== DATASET RECORDS ==
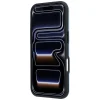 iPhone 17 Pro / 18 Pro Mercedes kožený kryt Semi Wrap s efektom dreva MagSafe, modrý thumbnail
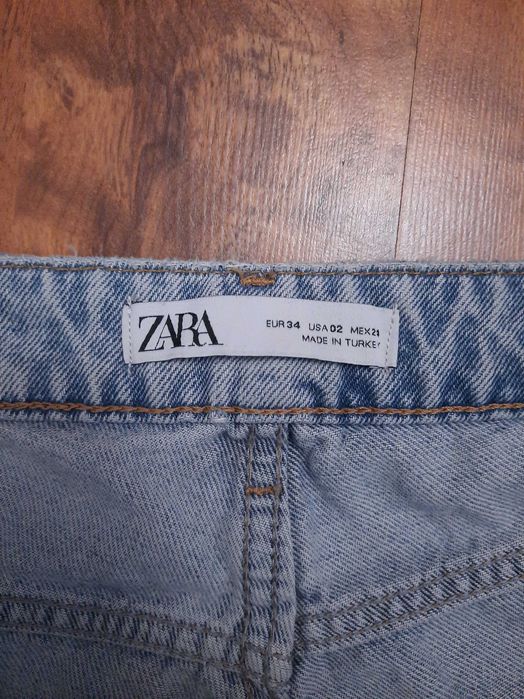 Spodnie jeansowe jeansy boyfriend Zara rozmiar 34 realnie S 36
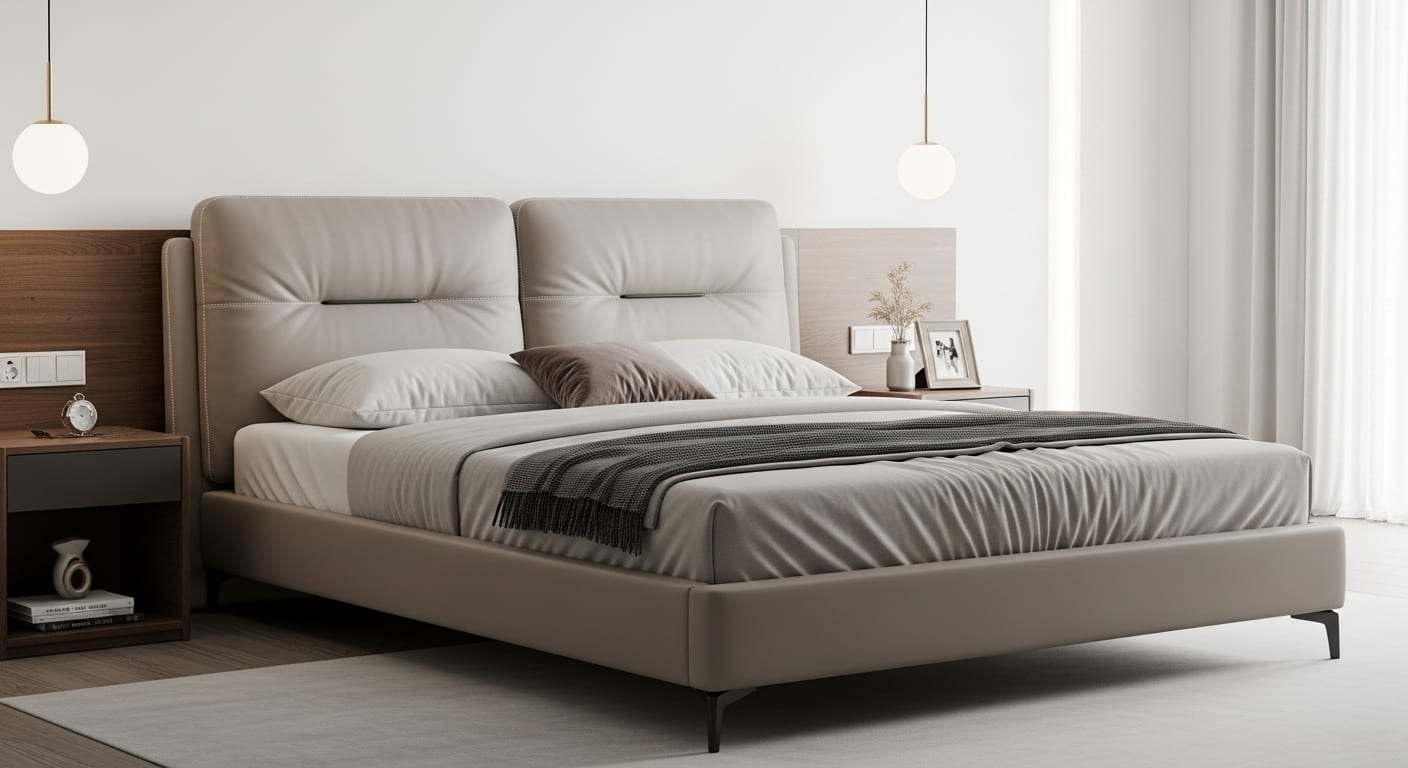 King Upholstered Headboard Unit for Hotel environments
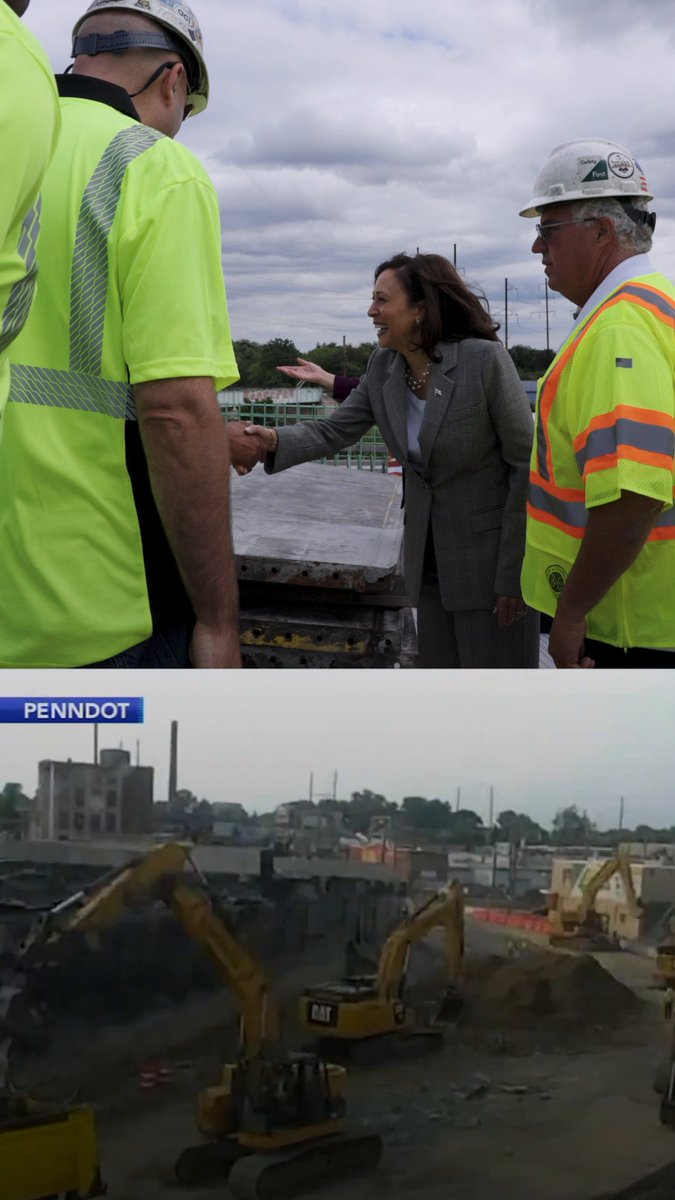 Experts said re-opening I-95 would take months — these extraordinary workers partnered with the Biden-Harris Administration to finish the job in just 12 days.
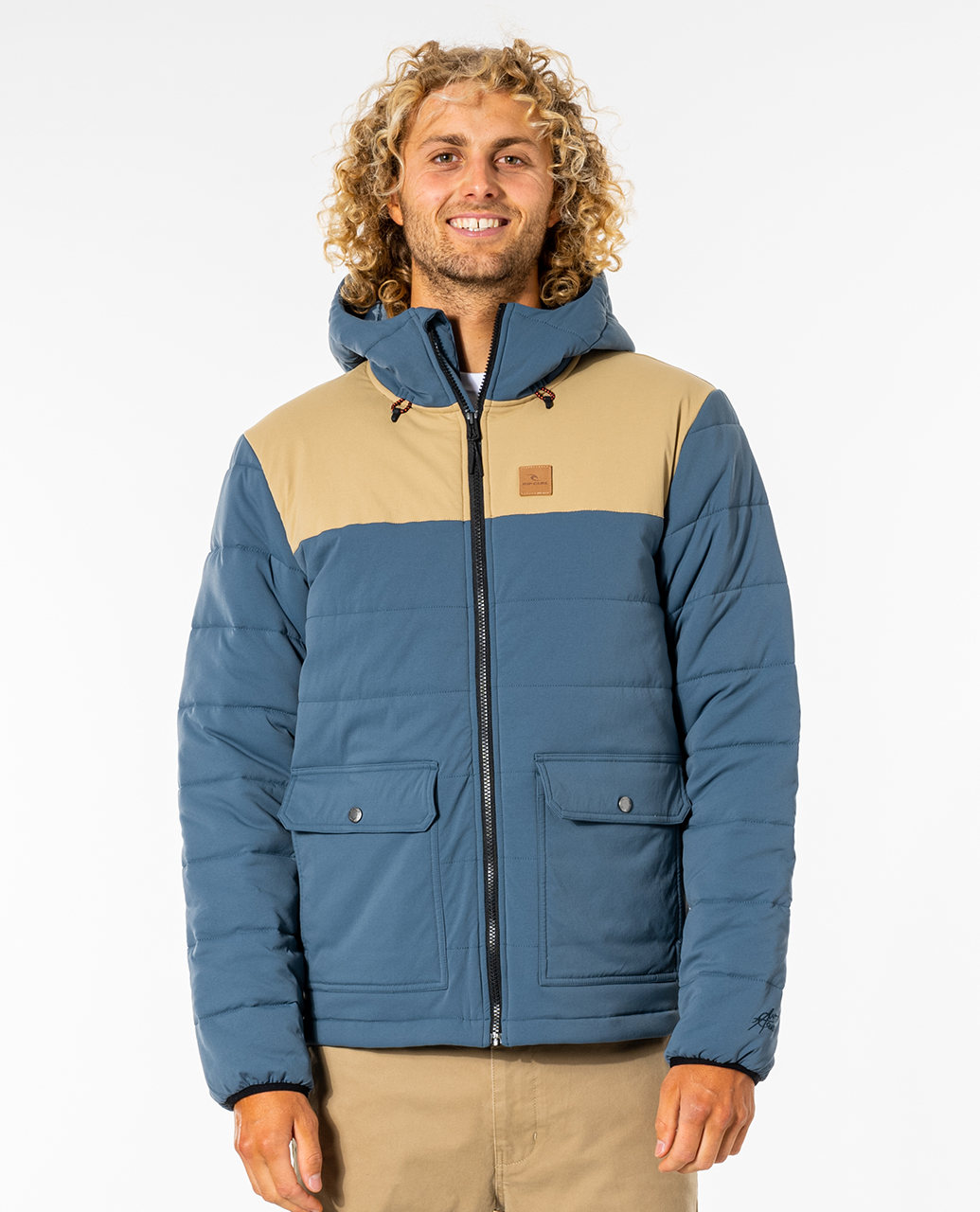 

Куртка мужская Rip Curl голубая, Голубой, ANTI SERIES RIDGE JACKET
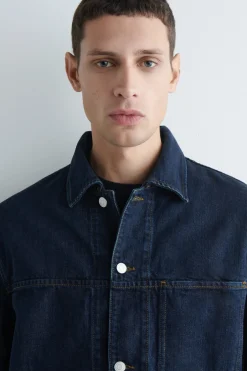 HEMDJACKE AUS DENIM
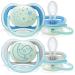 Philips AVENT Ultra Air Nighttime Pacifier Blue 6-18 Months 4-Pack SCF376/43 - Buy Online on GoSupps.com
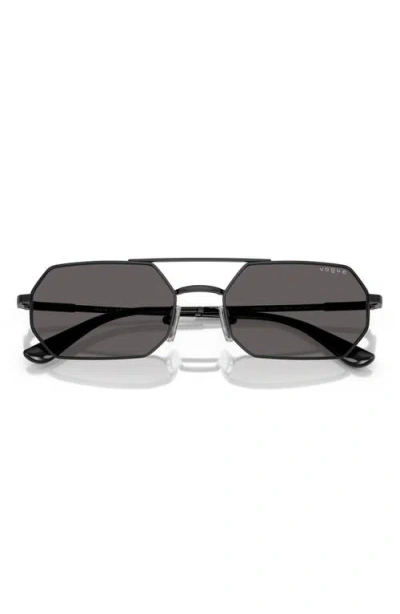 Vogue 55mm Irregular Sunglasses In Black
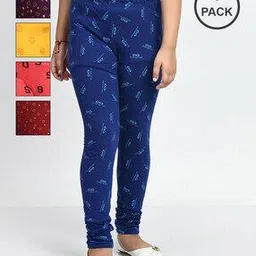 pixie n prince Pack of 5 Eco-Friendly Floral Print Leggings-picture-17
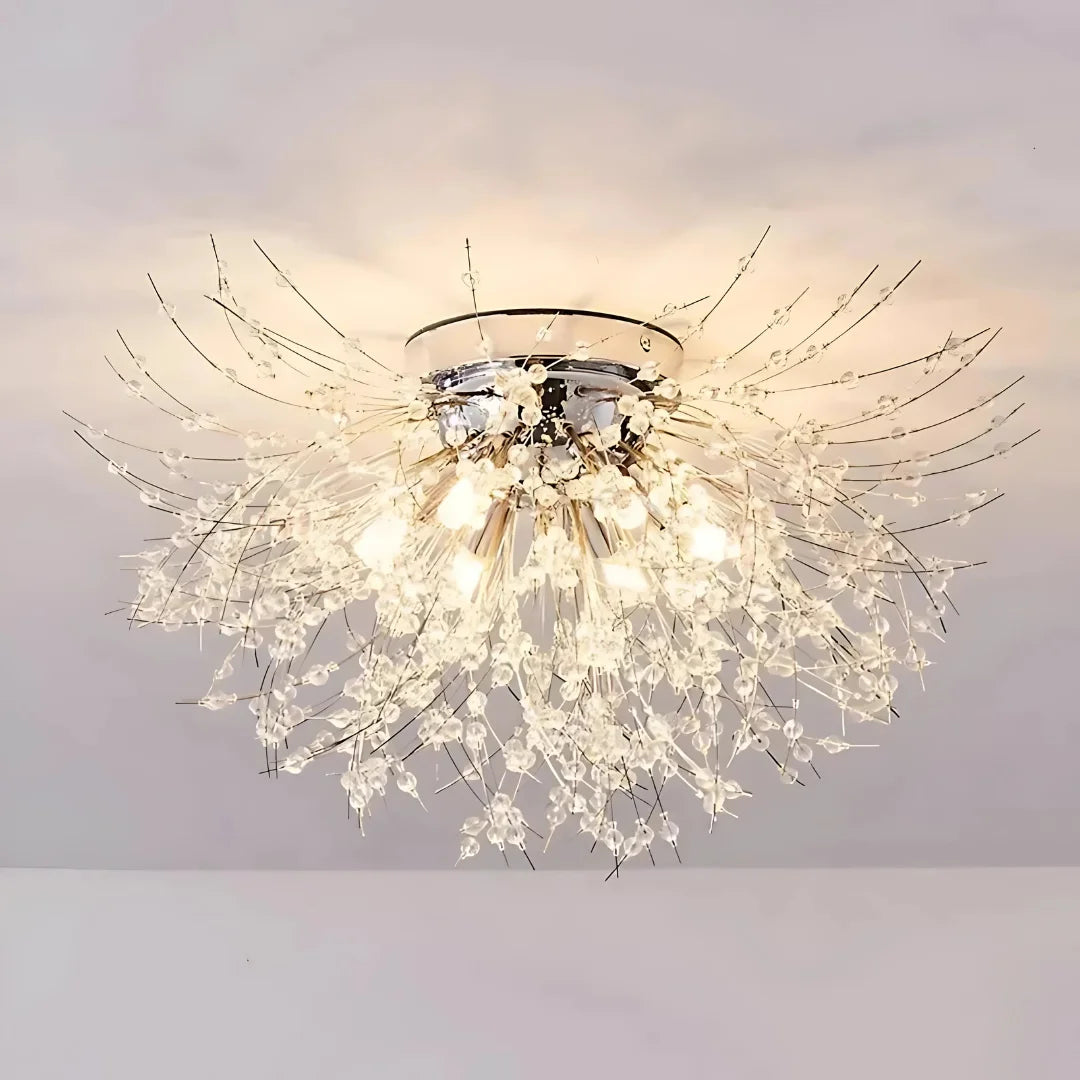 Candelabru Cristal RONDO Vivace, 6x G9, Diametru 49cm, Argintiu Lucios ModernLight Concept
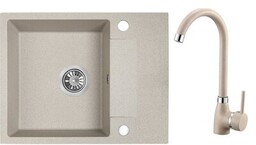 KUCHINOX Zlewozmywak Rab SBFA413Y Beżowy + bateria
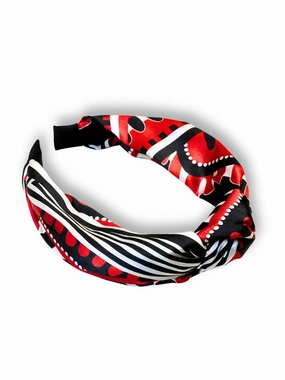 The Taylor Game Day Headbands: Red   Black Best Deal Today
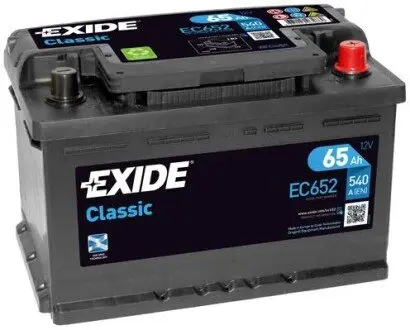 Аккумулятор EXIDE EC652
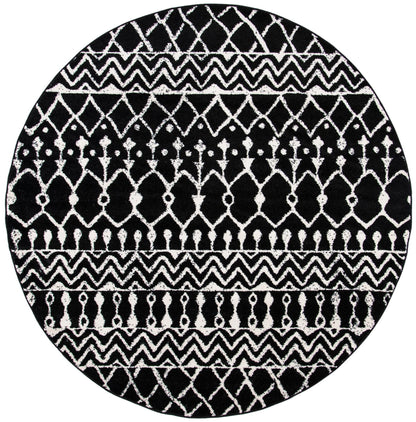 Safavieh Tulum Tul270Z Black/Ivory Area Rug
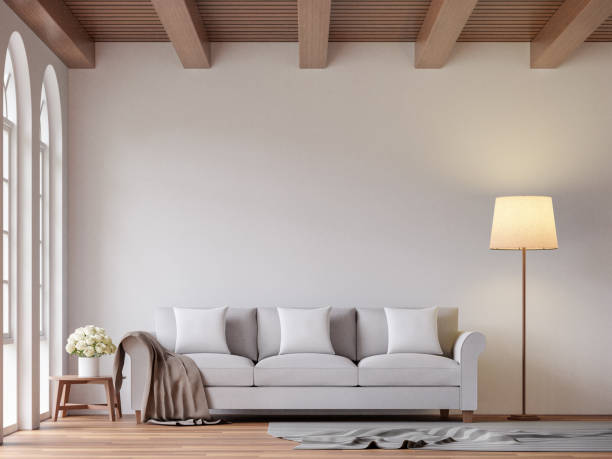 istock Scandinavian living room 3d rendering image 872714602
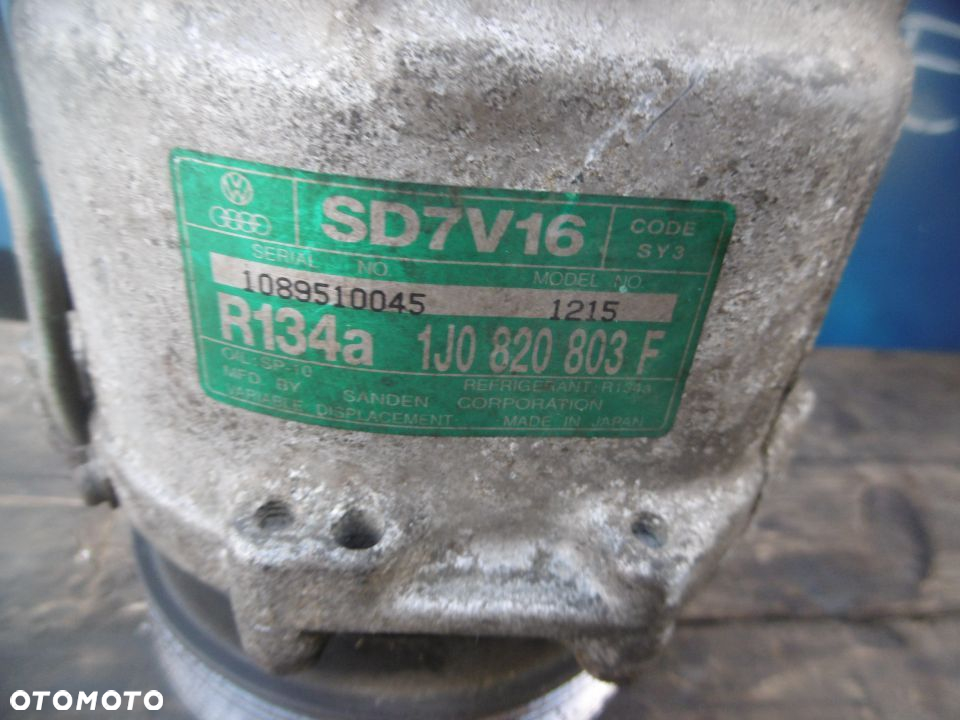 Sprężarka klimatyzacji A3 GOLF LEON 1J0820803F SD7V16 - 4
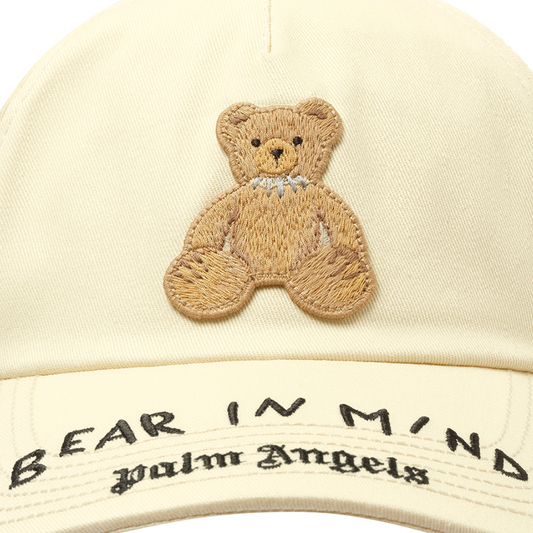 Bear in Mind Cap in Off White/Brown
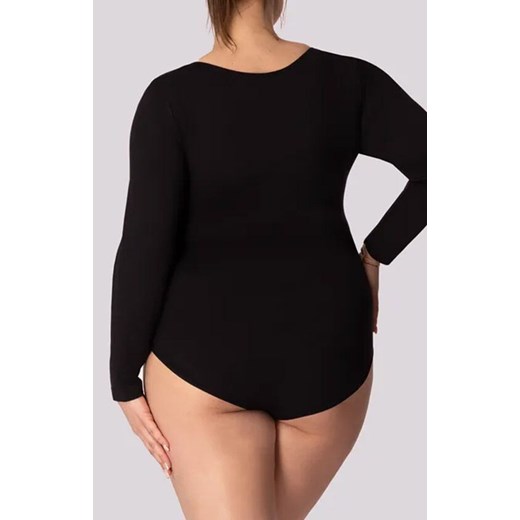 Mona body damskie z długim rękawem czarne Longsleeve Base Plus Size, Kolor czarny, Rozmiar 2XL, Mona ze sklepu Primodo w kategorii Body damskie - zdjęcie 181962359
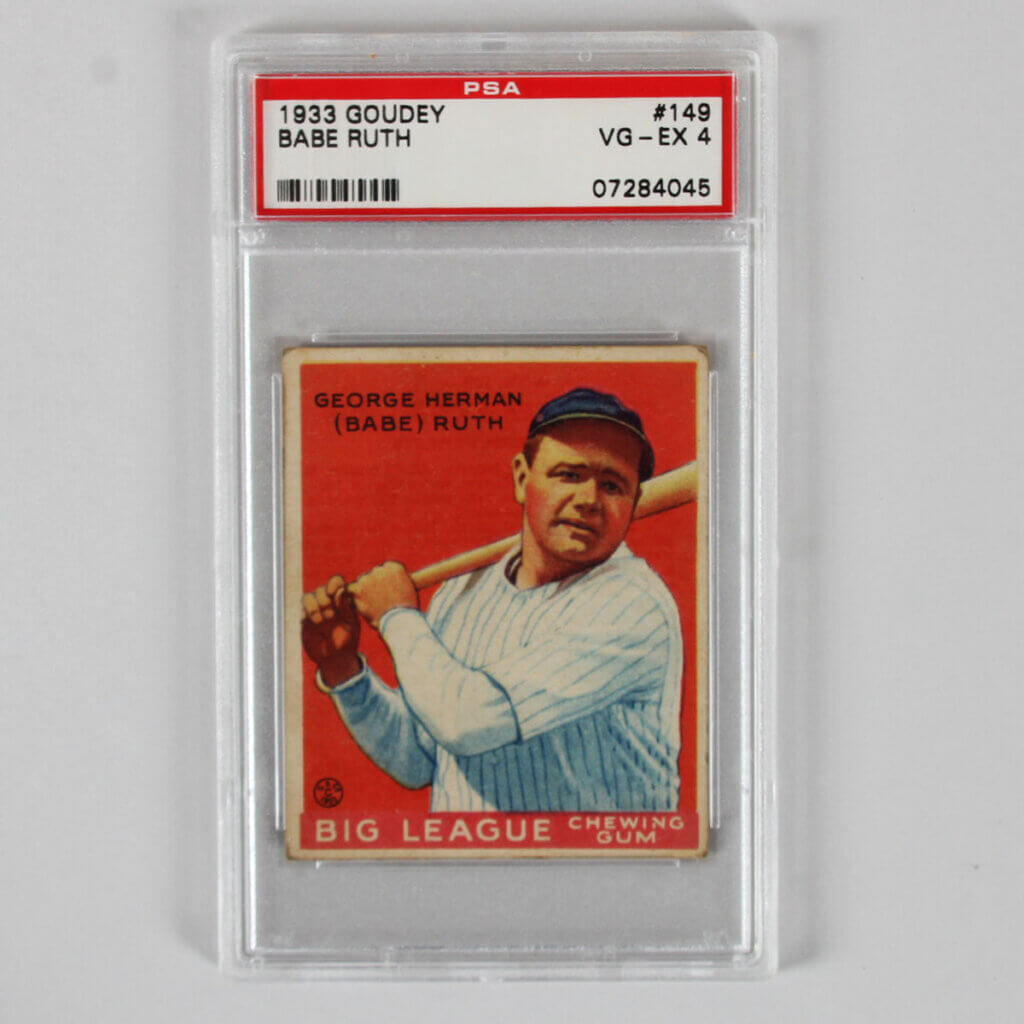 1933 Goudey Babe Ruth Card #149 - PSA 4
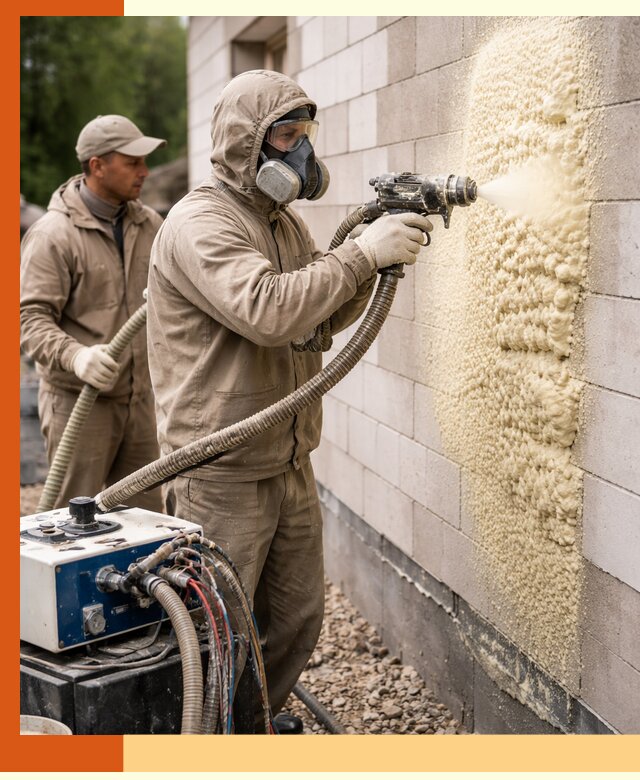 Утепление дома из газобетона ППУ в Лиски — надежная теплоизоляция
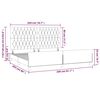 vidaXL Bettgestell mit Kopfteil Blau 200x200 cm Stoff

== GOAL OF THE EXERCISE ==
What you return must match, character for character, the lines above from the one with "pixie n prince" through the one with "Bear in Mind Cap in Off White/Brown", minus any pictures.

== ANSWER BOX ==
 pixie n prince Pack of 5 Eco-Friendly Floral Print Leggings-picture-17
 Candelabru Cristal RONDO Vivace, 6x G9, Diametru 49cm, Argintiu Lucios ModernLight Concept
 KUCHINOX Zlewozmywak Rab SBFA413Y Beżowy + bateria
 The Taylor Game Day Headbands: Red   Black Best Deal Today
 Аккумулятор EXIDE EC652
 Safavieh Tulum Tul270Z Black/Ivory Area Rug
 istock Scandinavian living room 3d rendering image 872714602
 Sprężarka klimatyzacji A3 GOLF LEON 1J0820803F SD7V16 - 4
 Bear in Mind Cap in Off White/Brown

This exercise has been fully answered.